How Many Quantum Numbers Define a Spin 1/2 Particle's State?

[aimforclarity]

this sounds like a question that should be answered somewhere, but i can't find it.

how many quantum numbers does it take to specify the state of a spin 1/2?

1. if it points along z, then just 1: the eigenvalue of Sz will do (up to global phase)
A. whether or not in a B field
B. if there is some more complex Hamiltonian, then this is probably no longer enough? or as long as there is 1 dof with 2 possible outcomes it is?

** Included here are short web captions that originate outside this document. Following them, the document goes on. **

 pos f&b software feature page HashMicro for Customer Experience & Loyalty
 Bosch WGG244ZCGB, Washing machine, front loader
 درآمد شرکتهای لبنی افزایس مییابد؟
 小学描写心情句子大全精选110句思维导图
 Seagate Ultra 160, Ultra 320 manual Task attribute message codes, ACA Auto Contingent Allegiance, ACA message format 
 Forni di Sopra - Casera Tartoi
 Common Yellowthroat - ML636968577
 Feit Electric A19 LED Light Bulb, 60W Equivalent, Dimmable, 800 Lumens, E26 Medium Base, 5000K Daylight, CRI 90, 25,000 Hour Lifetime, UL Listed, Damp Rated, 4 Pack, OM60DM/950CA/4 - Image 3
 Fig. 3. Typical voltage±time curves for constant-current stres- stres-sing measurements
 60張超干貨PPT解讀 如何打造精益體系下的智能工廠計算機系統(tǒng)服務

2. What if the spin points along Sx, then if we knew exactly where it pointed, only 1 quantum number and its operator will give us all the information.
A. but if we didnt know where it pointed we wouldn't know which operators would be "good."
so if we have this spin in a B filed in some superposition of Sz up down e-states, it would take more than the eigenvalue of Sz to specify the state with the amount of superposition and the phase between the up and down.

3. What if the was no B field, and the two states were degenerate, how many quantum numbers would it take to specify the state? or is this a question that cannot be asked, for the two are indistinguishable? (use to erase information by turning off B field?)

 

[Matterwave]

To specify the state, you need only know that it's spin 1/2 and one quantum number along any of these axes.

The maximal set of commuting operators is simply S^2 and one of Sx, Sy, or Sz. As Sx, and Sy, and Xz do not commute with each other, you cannot specify them all simultaneously.